On a monthly basis, December’s PPI was up 1.6%, accelerating from an uptick of 1.5% in November and the biggest increase since records became available in January 2011, NBS figures showed.
NBS analyst Sheng Guoqing attributed the jump to volatility in the yuan and Beijing’s policy to reduce industrial overcapacity, which has seen prices of raw materials spike on shrinking supply.
“The factory-gate prices of some industrial products were pushed up by multiple factors, including a rise in imported commodities due to the volatile exchange rate,” Sheng said in a separate statement.
The yuan’s central parity rate, which is set by China’s central bank, declined by more than 6% against the dollar in 2016. This fueled capital flight that was also spurred by pessimism about the country’s growth outlook. That in turn has made the Chinese currency-denominated assets less attractive to investors. In December alone, the yuan weakened by 5.9%.
The rate is under pressure to weaken further this year due to a stronger dollar and growing likelihood of more U.S. Fed interest-rate hikes.

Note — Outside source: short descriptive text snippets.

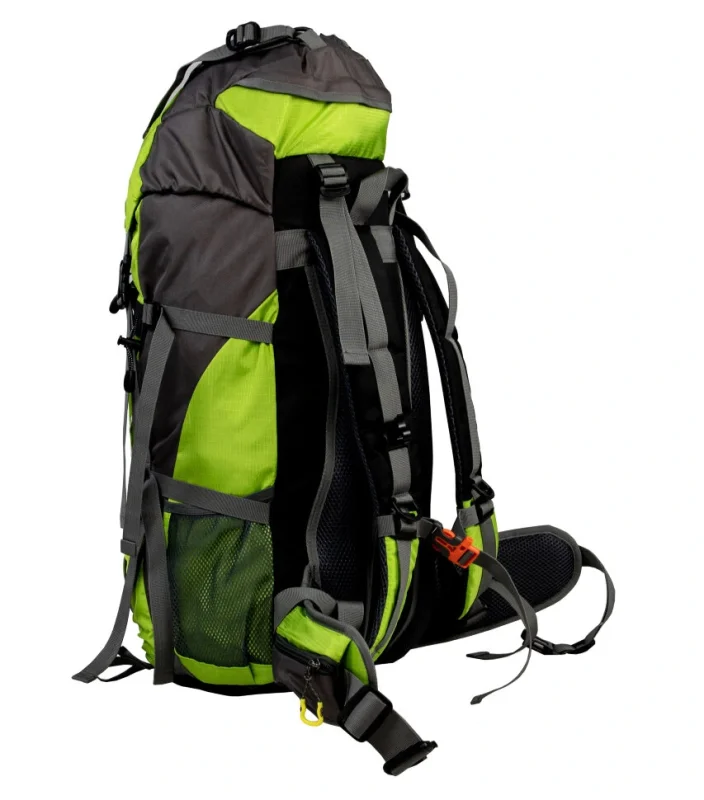 Рюкзак туристический IFRIT "KEEPER" (45+5л.) салатовый Р-999-50/1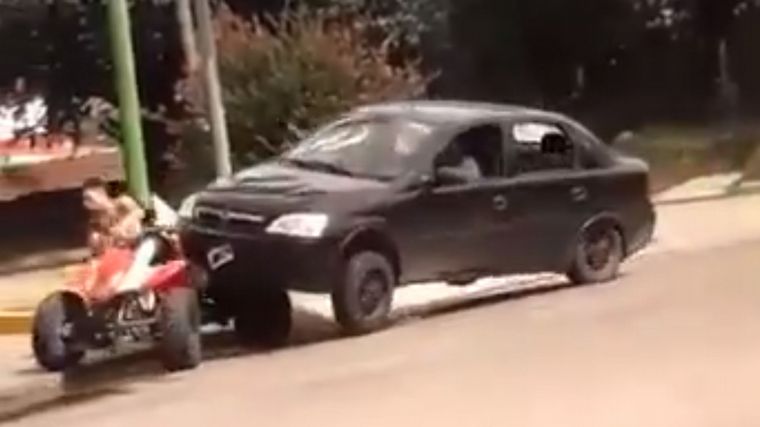 Violento incidente se registró en Tafí Viejo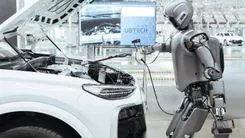 Audi中国工場に業界初のヒューマノイドロボット導入 – EVの品質検査を自動化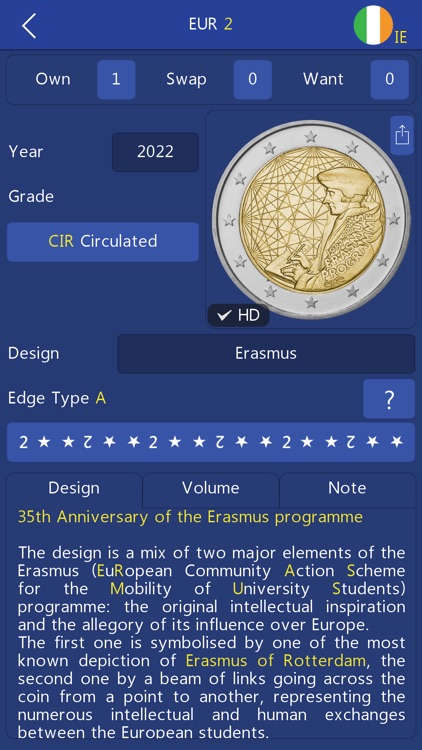 Euro Coin Collection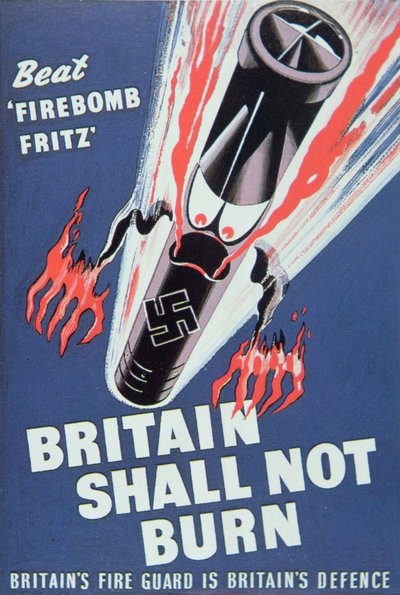 "Storbritannien ska inte brinna" av English School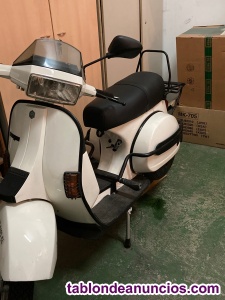 Vendo vespa t5 totalmente resturada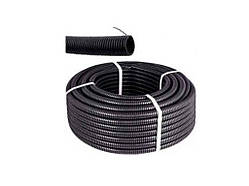 Гофрована труба 32мм 25м поліпропіленова ТМ ОДЕСА ГОСТ Solmir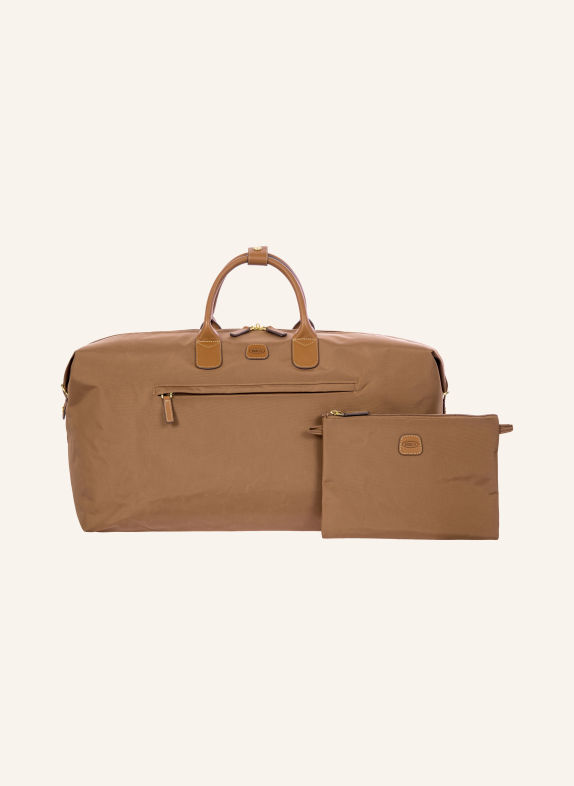 BRIC'S Weekender X-TRAVEL MARRON / OR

“Industrial production and market demand grew steadily with the relation between supply and demand gradually becoming balanced, as effects of the policy to cut overcapacity and inventory kicked in,” Sheng said.
China has set a goal to get rid of up to 150 million tons of steel capacity by 2020 and cut 500 million tons in coal capacity within three to five years beginning from 2016. The goals are part of efforts to close down “zombie companies” and improve the efficiency of state-owned enterprises.
The PPI pickup is “welcome” because it would lead to more tax revenues and corporate income, Louis Kuijs, a Hong Kong-based analyst with research firm Oxford Economics, told Caixin.
But he cautioned that the increases may prove unsustainable because they were “highly concentrated” in sectors that were the targets of the government’s excess-capacity reduction campaign, and there has been “very little spillover” into other industries.
“I don’t really think that this is now heralding a sudden period of significant, generalized producer-price inflation in China,” he said.
“These heavy industry sectors are still subject to a lot of structural overcapacity. So the market mechanism will drive prices lower,” he said.
He predicted the PPI increase to ease after the first quarter of this year.
Liu Chang, an analyst with Capital Economics, also expected inflation to accelerate at the start of this year, “mainly driven by movements in commodity prices,” though they are “unlikely to be sustained.”
Sheng said price rises in the upstream industries of nonferrous metal smelting and pressing, coal mining, washing and dressing, oil and natural gas extraction, ferrous-metal smelting and pressing, and oil processing contributed to a combined 4.2 percentage points, or 76%, to the yearly PPI growth last month.
But the month-on-month increase in the coal sector prices was slower than November’s, after the government took measures since September to boost output and stabilize the market.
Nomura analysts Zhao Yang warned economic expansion remains under downward pressure despite rising inflation.
“The economic growth still faces headwinds from cooling property market,” he said in a note.
“Therefore, tightening monetary policy is not a good idea in our view. But rising inflation does add to risks of monetary tightening and policy mismanagement.”
For the full year of 2016, PPI declined 1.4%, an improvement from a decrease of 5.2% in 2015, according to the NBS.
The consumer price index (CPI), a main measure of inflation, rose 2.0% last year, up from a growth of 1.4% in the previous year but well below the government’s annual target of around 3%. In December, CPI gained 2.1%, NBS figures showed.